On 6/28/24 11:43, Ilya Maximets wrote:
> On 6/28/24 09:20, Dumitru Ceara wrote:
>> On 6/27/24 00:02, Ilya Maximets wrote:
>>> Every transaction has RAFT log prerequisites.  Even if transactions
>>> are not related (because RAFT doesn't actually know what data it is
>>> handling).  When leader writes a new record to a RAFT storage, it is
>>> getting appended to the log right away and changes current 'eid',
>>> i.e., changes prerequisites.  The leader will not try to write new
>>> records until the current one is committed, because until then the
>>> pre-check will be failing.
>>>
>>> However, that is different for the follower.  Followers do not add
>>> records to the RAFT log until the leader sends an append request back.
>>> So, if there are multiple transactions pending on a follower, it will
>>> create a command for each of them and prerequisites will be set to the
>>> same values.  All these commands will be sent to the leader, but only
>>> one can succeed at a time, because accepting one command immediately
>>> changes prerequisites and all other commands become non-applicable.

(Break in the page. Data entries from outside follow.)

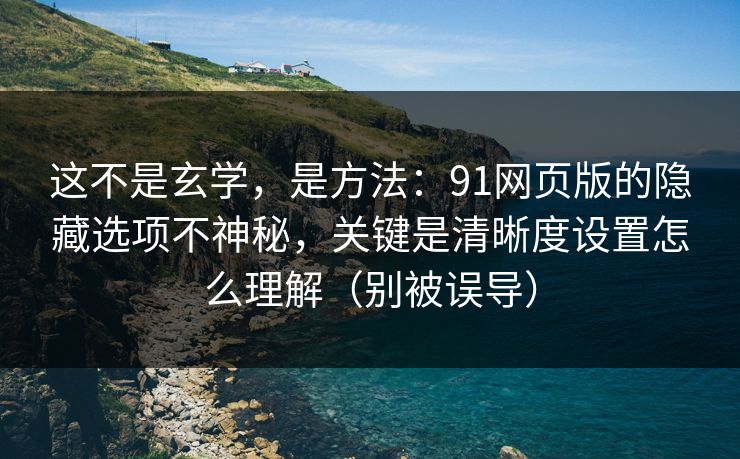 这不是玄学,是方法:91网页版的隐藏选项不神秘,关键是清晰度设置怎么理解(别被误导) 这不是玄学,是方法:91网页版的隐藏选项不神秘,关键是清晰度设置怎么理解(别被误导)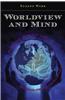 Worldview and Mind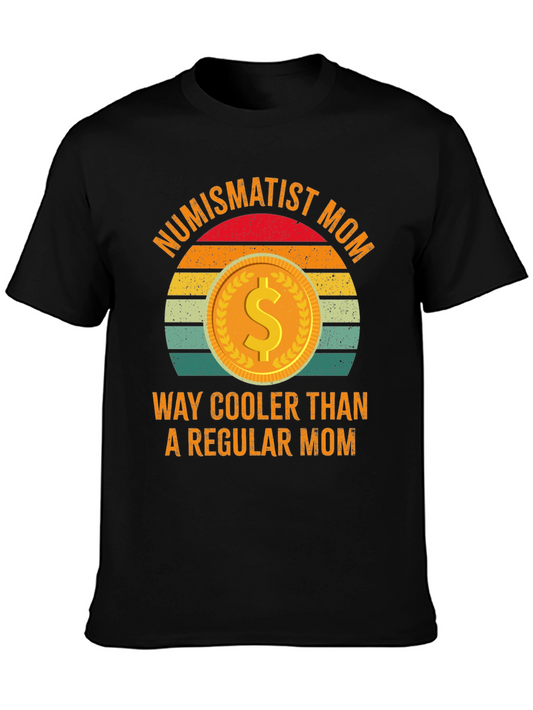 Numismatist Mom T-Shirt - Way Cooler Than Regular!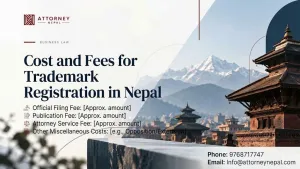 Cost and Fees for Trademark Registration in Nepal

>>> So, out of N commands, 1 will succeed and N - 1 will fail.  The cluster
>>> failure is a transient failure, so the follower will re-process all the
>>> failed transactions and send them again.  1 will succeed and N - 2 will
>>> fail.  And so on, until there are no more transactions.  In the end,
>>> instead of processing N transactions, the follower is performing
>>> N * (N - 1) / 2 transaction processing iterations.  That is consuming
>>> a huge amount of CPU resources completely unnecessarily.
>>>
>>> Since there is no real chance for multiple transactions from the same
>>> follower to succeed, it's better to not send them in the first place.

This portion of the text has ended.